These records contain pictures, which must be left out; copy exactly the lines from the one with "Bright orange travel" up to and including the one with "配置接口是什么_电脑插口怎么看配置参数".

Segment Start: Material to process

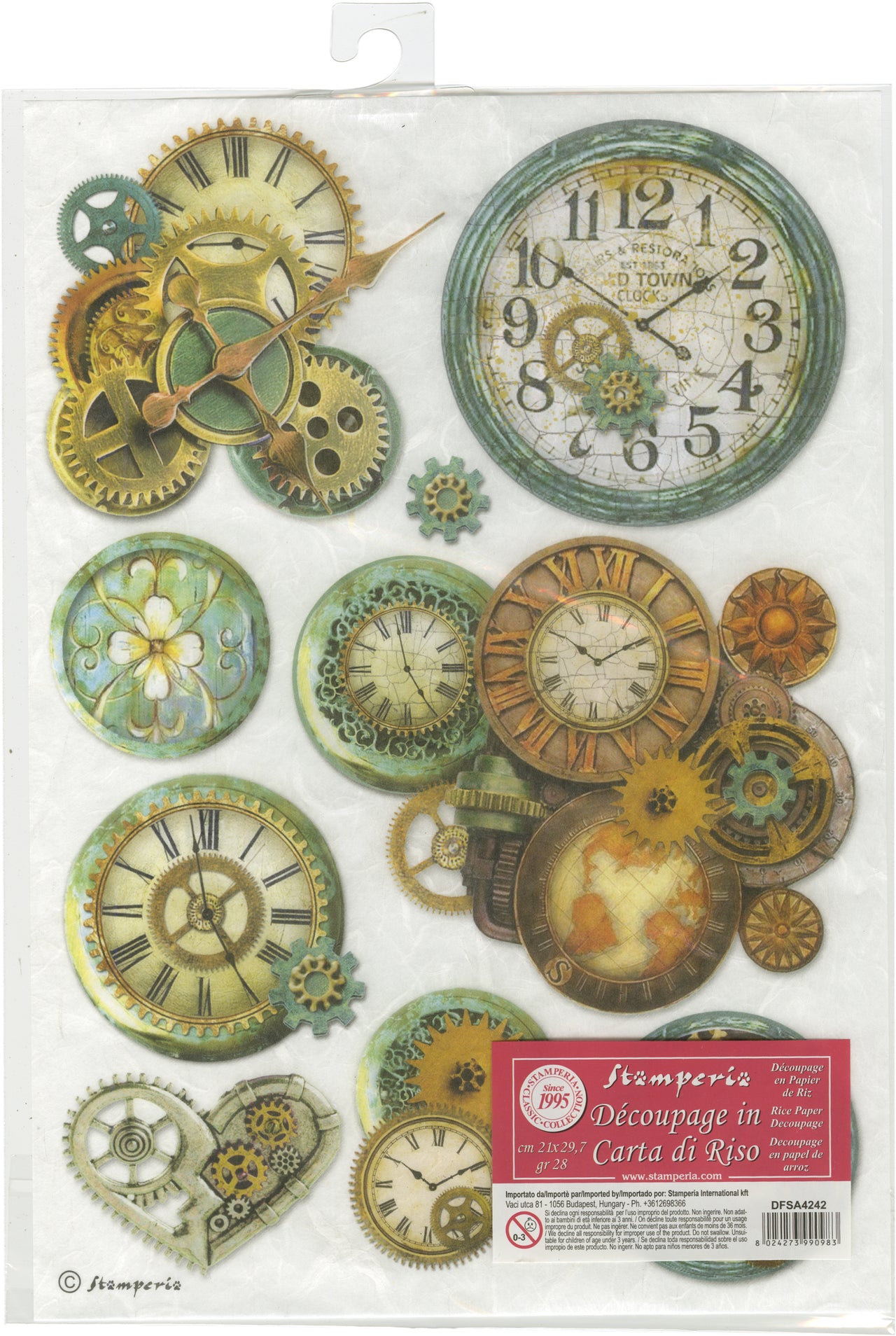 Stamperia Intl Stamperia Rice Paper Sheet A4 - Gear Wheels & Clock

Segment End: Material to process
Segment Start: Material to process

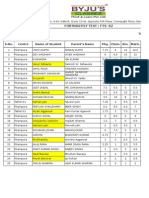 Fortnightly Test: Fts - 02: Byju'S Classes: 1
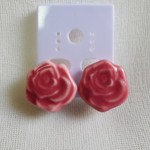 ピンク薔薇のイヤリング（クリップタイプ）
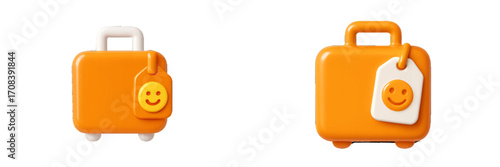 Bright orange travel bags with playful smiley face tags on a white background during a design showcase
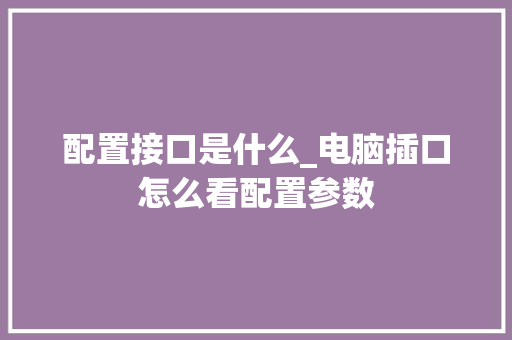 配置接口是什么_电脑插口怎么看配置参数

Segment End: Material to process

[Solved problem]
 Bright orange travel bags with playful smiley face tags on a white background during a design showcase
 配置接口是什么_电脑插口怎么看配置参数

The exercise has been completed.